►

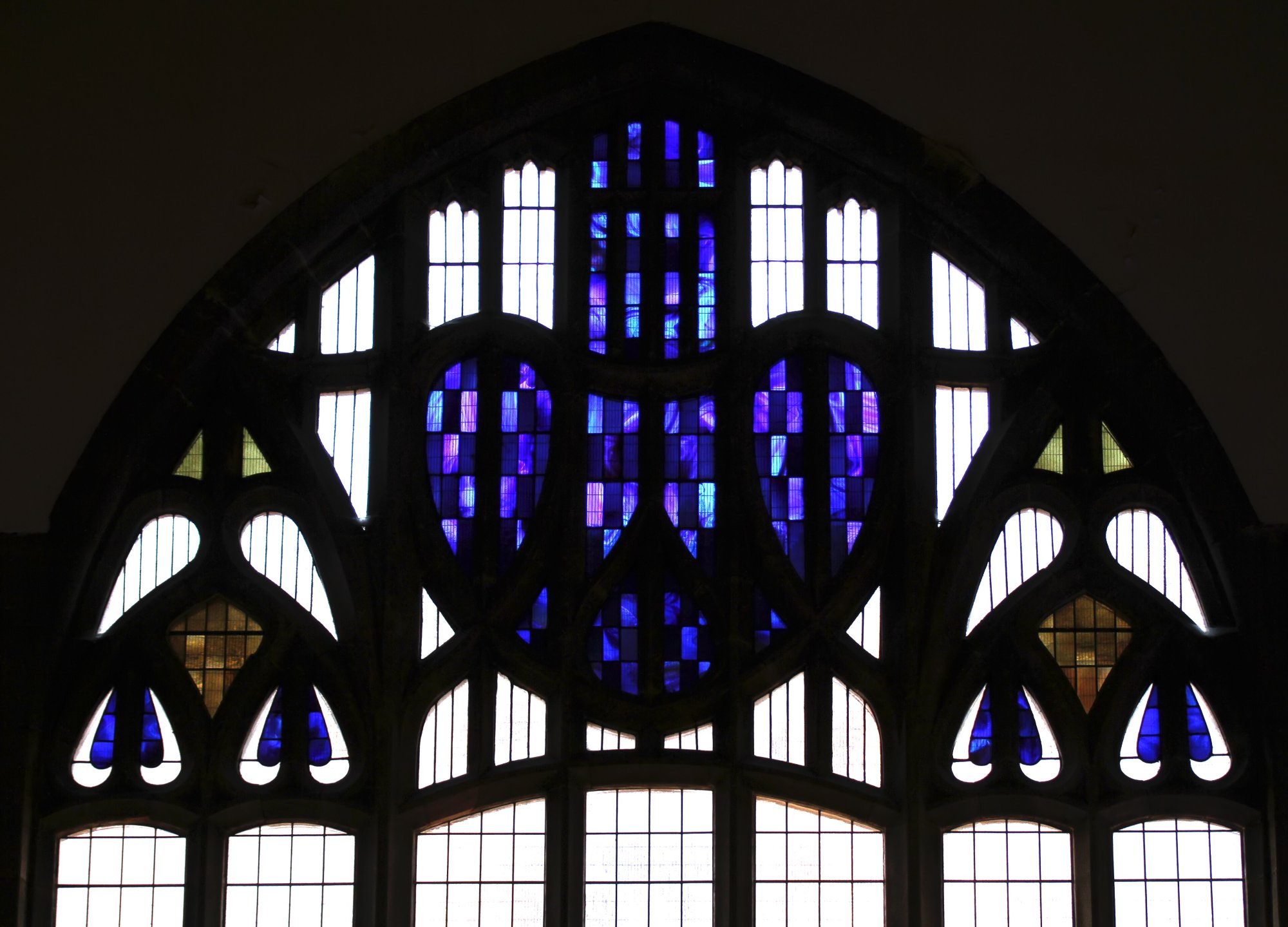 Stained glass window inside Queen's Cross Church, Glasgow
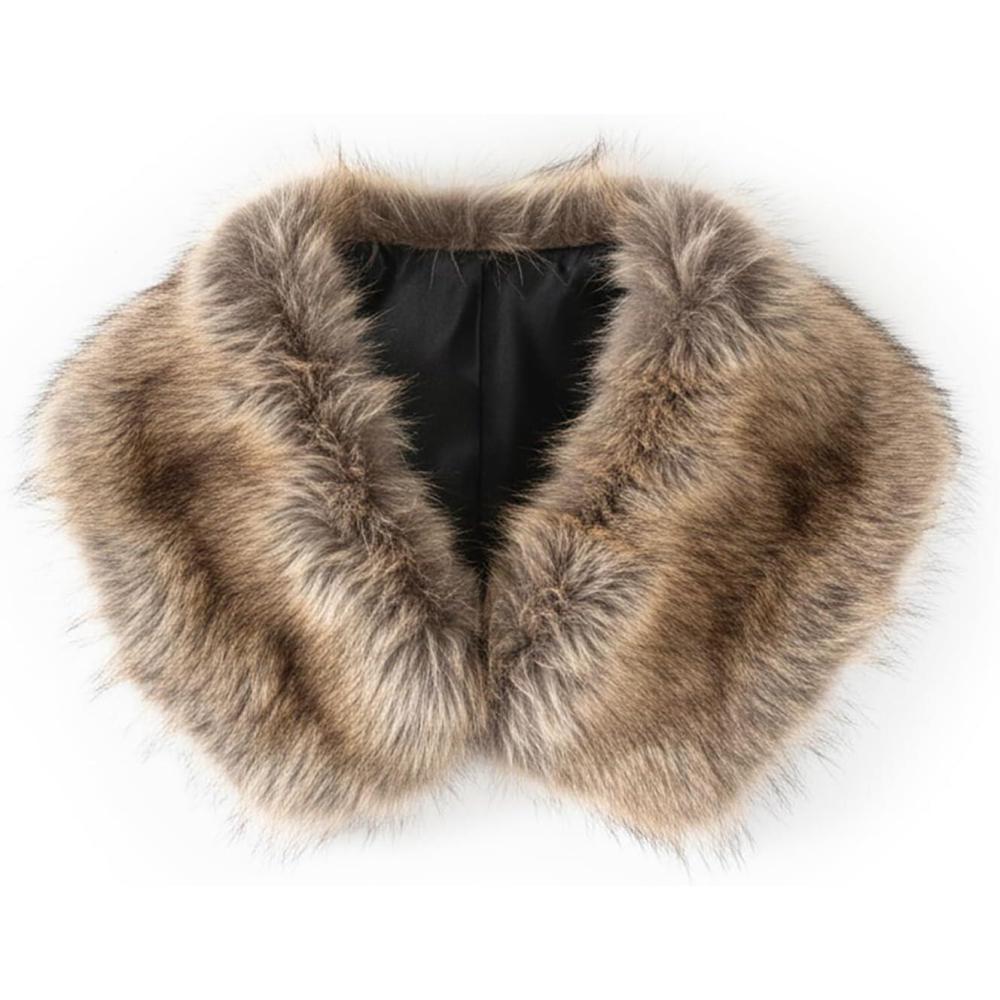 image:imageFur Collar Scarf for Women Faux Fur Scarves Neck Shrug for Fall Winter Coat DressLugo Collections 11 Beige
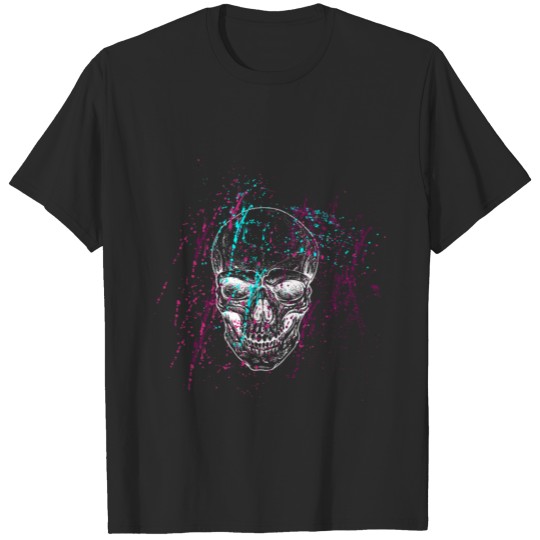 Discover Cool creepy skull design with bright color texture T-shirt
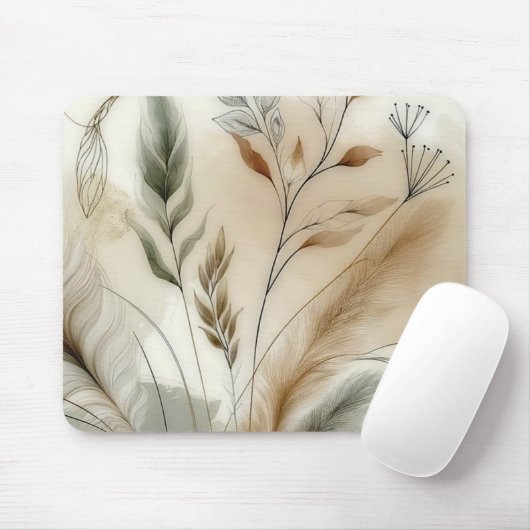 Wispy Greenery Moderne Botanische Hochzeit Mousepad (Mit Mouse)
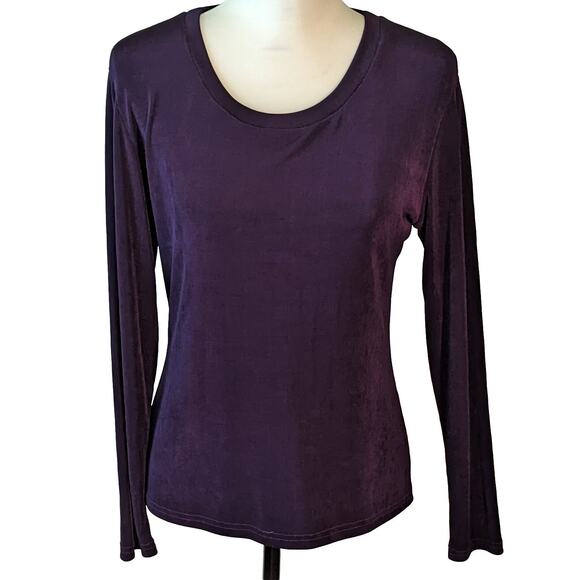Purple Unbranded Travel Polyester Knit Top LS B 38" Hips 37" has Lot Stretch. - Picture 1 of 7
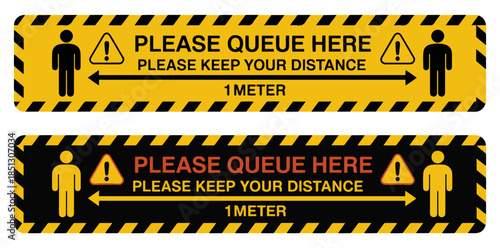 please queue here floor sign set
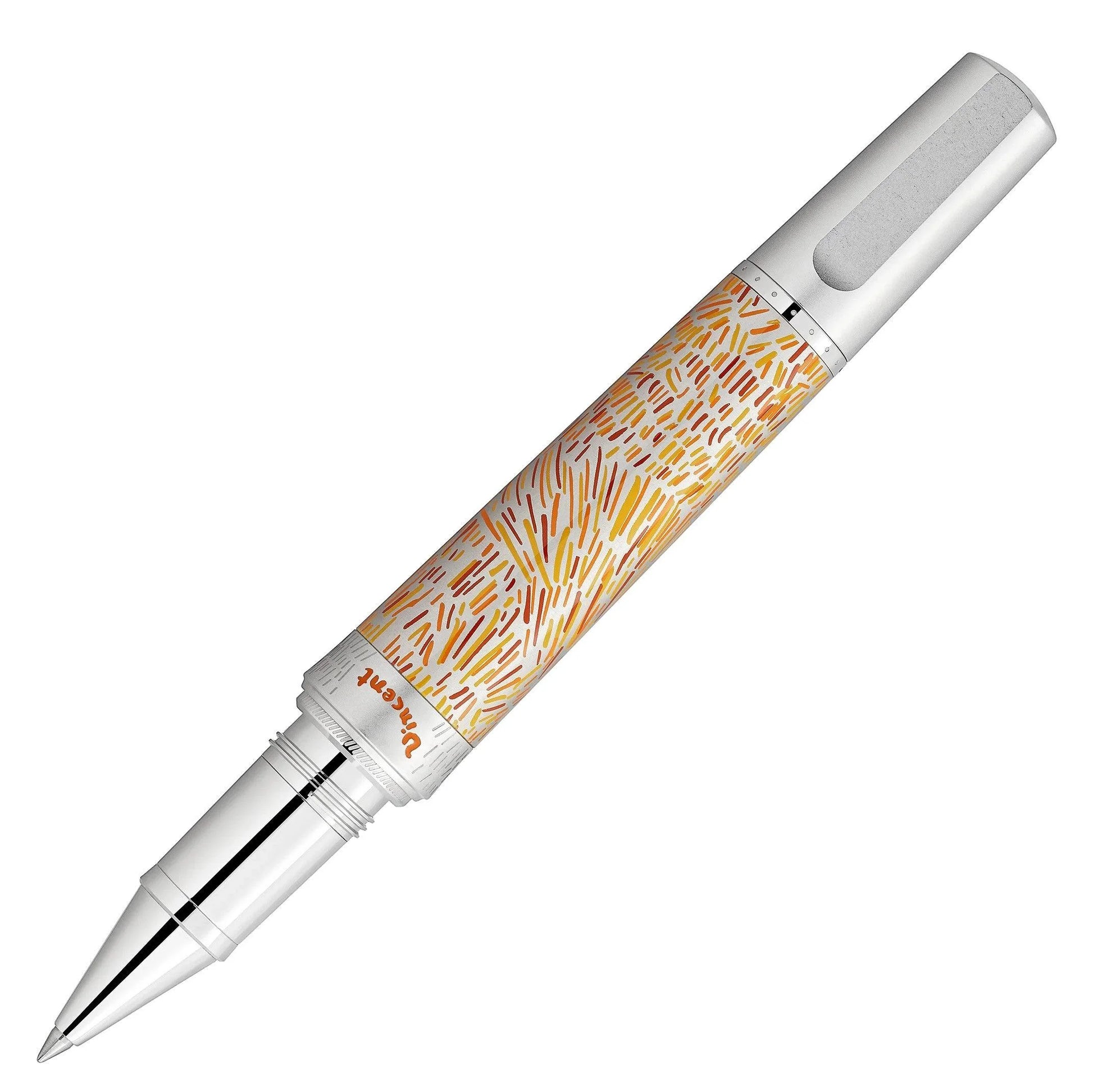 Montblanc rollerball pen silver with orange yellow abstract Vincent van Gogh brushstroke pattern Edizione limitata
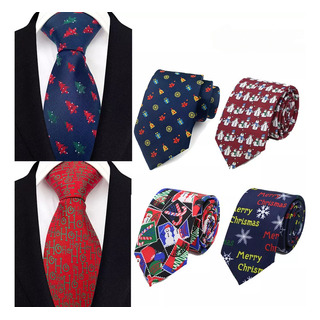Juego De 4 Corbatas Navideñas De 8 Cm Para Hombre, Regalo Juego De 4 Corbatas Navideñas De 8 Cm Para Hombre, Regalo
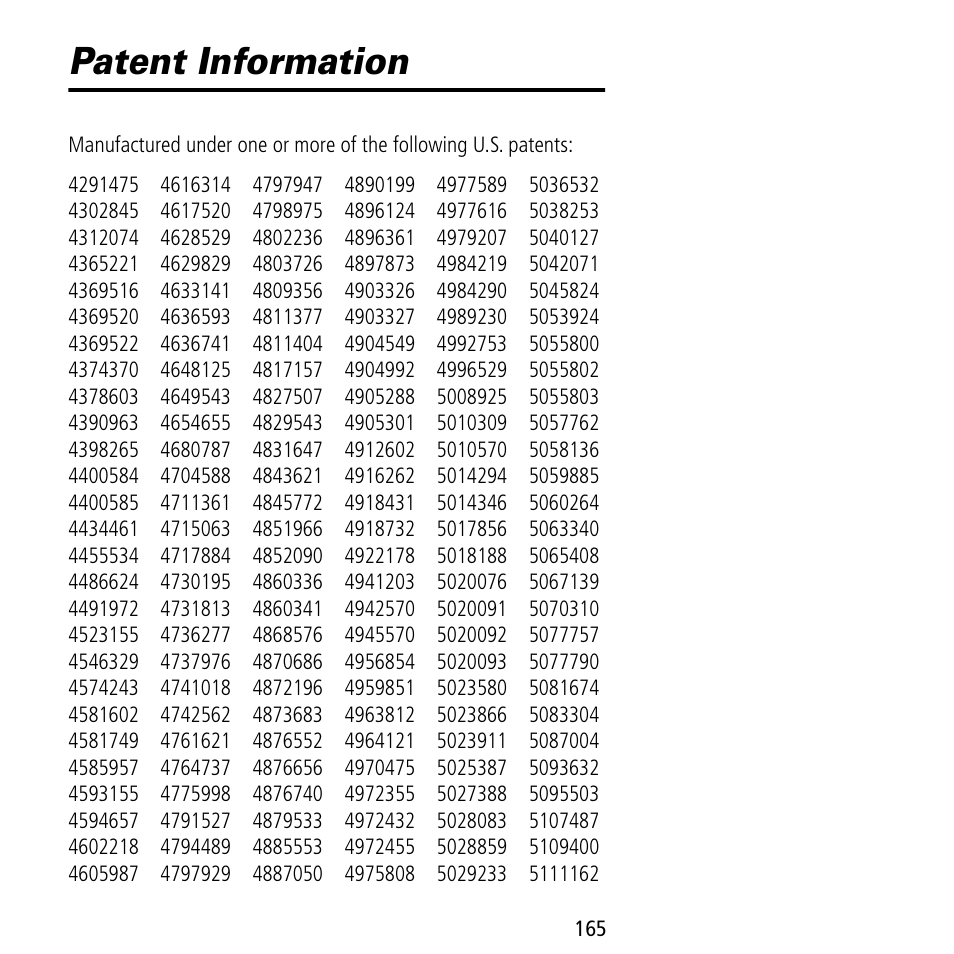 Patent information | Motorola V60C User Manual | Page 167 / 190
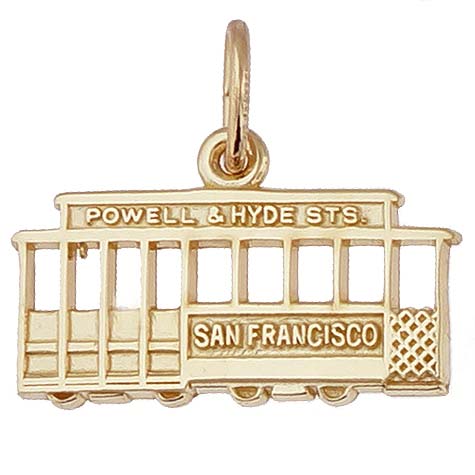 14K Gold San Francisco Cable Car Charm by Rembrandt Charms 14K Gold San Francisco Cable Car Charm by Rembrandt Charms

◄

> What you are asked to do
Pictures must be left out. Return verbatim only the lines from the line with "Hombre, Regalo Juego" through the final line of the material above, including both ends.

> Completed task
Juego De 4 Corbatas Navideñas De 8 Cm Para Hombre, Regalo Juego De 4 Corbatas Navideñas De 8 Cm Para Hombre, Regalo
 Patent information | Motorola V60C User Manual | Page 167 / 190
 14K Gold San Francisco Cable Car Charm by Rembrandt Charms 14K Gold San Francisco Cable Car Charm by Rembrandt Charms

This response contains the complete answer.